Inspiration

Hiring is broken. A typical recruiter spends 60–70% of their time on the most repetitive part of the funnel: the initial phone screen. They make dozens of calls a day, asking the same questions, evaluating the same criteria, and still end up with inconsistent results. For candidates, it's equally painful — scheduling conflicts, no-shows, and ghosting plague the process on both sides.

We had already built TimekeeperX, a full-stack HR platform with an Applicant Tracking System. But the screening stage was a bottleneck we couldn't automate with chat or text. Phone screening is voice-native — tone, fluency, and conversational flow matter. When Amazon Nova Sonic launched with real-time speech-to-speech capabilities, we saw an opportunity: what if the recruiter who calls you is an AI that sounds human, adapts to your language, and knows your resume inside-out?

That question became this project.


What it does

TimekeeperX AI Hiring Agent is a production-grade, end-to-end voice AI pipeline that automates candidate phone screening. Here's what happens when a recruiter clicks "Screen" on a candidate's application:

  1. The candidate receives an email with a scheduling link (tenant-branded, timezone-aware).
  2. At the scheduled time, the system places an outbound phone call to the candidate via SignalWire.
  3. The call connects over SIP to our custom voice server running Amazon Nova Sonic.
  4. Nova Sonic conducts the interview in real time — asking questions grounded in the candidate's resume and the job description, adapting language (English ↔ Hindi), and maintaining a natural conversational pace.
  5. When the interview is complete, the AI says a warm goodbye, then hangs up using Nova's tool-calling capability (end_call). The recording and transcript are uploaded to S3, and a webhook fires back to the platform.
  6. Hybrid AI analysis scores the candidate — the transcript is evaluated for technical knowledge against the job description, while the call recording is analyzed as audio using multimodal AI to score subjective qualities (communication skills, fluency, confidence, professionalism) that only voice can reveal.
  7. The ATS updates automatically — the recruiter sees a composite score (0–100), per-category breakdowns, the full transcript, and can play back the recording.

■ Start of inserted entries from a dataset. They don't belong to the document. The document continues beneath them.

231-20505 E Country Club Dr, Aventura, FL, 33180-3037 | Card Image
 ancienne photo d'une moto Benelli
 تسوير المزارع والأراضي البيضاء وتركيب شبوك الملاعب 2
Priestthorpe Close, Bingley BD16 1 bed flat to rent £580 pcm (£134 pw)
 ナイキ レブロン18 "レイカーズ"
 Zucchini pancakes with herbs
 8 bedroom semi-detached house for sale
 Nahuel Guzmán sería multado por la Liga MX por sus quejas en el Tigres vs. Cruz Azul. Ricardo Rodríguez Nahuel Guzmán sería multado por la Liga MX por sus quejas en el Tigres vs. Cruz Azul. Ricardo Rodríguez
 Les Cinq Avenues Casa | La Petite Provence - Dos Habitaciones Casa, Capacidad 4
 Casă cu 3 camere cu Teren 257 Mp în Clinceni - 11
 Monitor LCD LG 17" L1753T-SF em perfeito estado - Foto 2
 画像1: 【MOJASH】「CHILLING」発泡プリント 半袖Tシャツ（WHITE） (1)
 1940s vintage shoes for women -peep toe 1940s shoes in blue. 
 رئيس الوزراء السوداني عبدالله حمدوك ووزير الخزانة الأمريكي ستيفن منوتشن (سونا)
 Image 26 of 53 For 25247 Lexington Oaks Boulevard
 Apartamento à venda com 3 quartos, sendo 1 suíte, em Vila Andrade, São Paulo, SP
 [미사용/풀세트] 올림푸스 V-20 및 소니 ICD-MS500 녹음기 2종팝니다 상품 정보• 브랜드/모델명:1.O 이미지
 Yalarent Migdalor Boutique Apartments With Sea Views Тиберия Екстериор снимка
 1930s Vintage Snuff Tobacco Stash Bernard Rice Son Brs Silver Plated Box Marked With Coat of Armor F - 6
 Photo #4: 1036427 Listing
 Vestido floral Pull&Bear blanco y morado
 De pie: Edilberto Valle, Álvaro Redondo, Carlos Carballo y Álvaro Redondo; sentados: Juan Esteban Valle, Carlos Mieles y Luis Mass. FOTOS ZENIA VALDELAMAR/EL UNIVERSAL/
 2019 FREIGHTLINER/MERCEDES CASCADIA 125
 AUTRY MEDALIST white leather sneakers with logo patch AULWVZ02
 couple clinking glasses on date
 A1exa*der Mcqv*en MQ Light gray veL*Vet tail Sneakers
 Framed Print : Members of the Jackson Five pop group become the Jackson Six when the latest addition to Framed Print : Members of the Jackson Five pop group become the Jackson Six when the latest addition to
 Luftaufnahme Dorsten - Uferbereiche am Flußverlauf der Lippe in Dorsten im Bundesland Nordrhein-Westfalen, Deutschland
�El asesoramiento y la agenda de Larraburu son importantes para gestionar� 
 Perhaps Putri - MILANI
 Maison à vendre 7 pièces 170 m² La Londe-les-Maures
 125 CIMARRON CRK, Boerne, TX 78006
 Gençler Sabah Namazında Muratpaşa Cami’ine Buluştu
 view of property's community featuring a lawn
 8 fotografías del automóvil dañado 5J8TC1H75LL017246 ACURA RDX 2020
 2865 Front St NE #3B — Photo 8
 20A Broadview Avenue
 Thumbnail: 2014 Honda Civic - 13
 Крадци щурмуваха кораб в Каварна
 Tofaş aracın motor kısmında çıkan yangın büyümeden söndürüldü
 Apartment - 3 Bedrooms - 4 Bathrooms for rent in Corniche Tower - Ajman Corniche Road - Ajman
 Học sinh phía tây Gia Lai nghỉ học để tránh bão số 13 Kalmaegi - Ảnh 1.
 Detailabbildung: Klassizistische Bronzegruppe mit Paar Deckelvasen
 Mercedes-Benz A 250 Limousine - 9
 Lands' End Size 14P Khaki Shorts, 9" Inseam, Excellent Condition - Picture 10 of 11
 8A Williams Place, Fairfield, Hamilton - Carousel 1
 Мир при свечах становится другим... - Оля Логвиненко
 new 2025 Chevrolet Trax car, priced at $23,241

The entire flow — from click to scored candidate — happens without any human intervention.


How we built it

The Voice Engine: SIP + Nova Sonic

At the core is a custom SIP server built in Node.js that handles real-time voice calls using the SIP protocol (RFC 3261). When a call arrives, the server:

  • Negotiates audio codecs via SDP (we use PCMU/G.711 at 8kHz)
  • Allocates RTP ports from a managed pool for bidirectional media streaming
  • Establishes a bidirectional streaming session with Amazon Nova Sonic via Bedrock's InvokeModelWithBidirectionalStreamCommand

The audio pipeline handles real-time codec transcoding between the telephone network and Nova:

Caller (Phone) ──RTP/PCMU 8kHz──▶ SIP Server ──PCM 24kHz──▶ Nova Sonic
                                                              │
Caller (Phone) ◀──RTP/PCMU 8kHz── SIP Server ◀──PCM 24kHz───┘

Nova Sonic processes speech bidirectionally — it listens and speaks simultaneously, handling interruptions naturally. When the caller speaks over the AI, our interruption handler (NovaProvider.js) detects the overlap, halts outbound audio, and lets Nova re-engage contextually.

Tool Calling: Teaching the AI to Hang Up

One of the most interesting challenges was giving Nova the ability to end the call itself. We integrated Nova's tool-use capability with two tools:

// Tools registered with Nova Sonic
tools: [
  {
    name: 'end_call',
    description: 'End the current call when the interview is complete'
  },
  {
    name: 'query_knowledge_base',
    description: 'Search company knowledge base for information'
  }
]

When Nova decides the screening is complete, it invokes end_call, which triggers a HANGUP_REQUESTED event. Crucially, the hangup is delayed (configurable via NOVA_HANGUP_DELAY_MS, default 1.8s) to let Nova's final goodbye audio finish playing before the SIP BYE is sent — so the candidate hears "Thanks for your time, we'll get back to you soon" before the line disconnects, not a mid-sentence click.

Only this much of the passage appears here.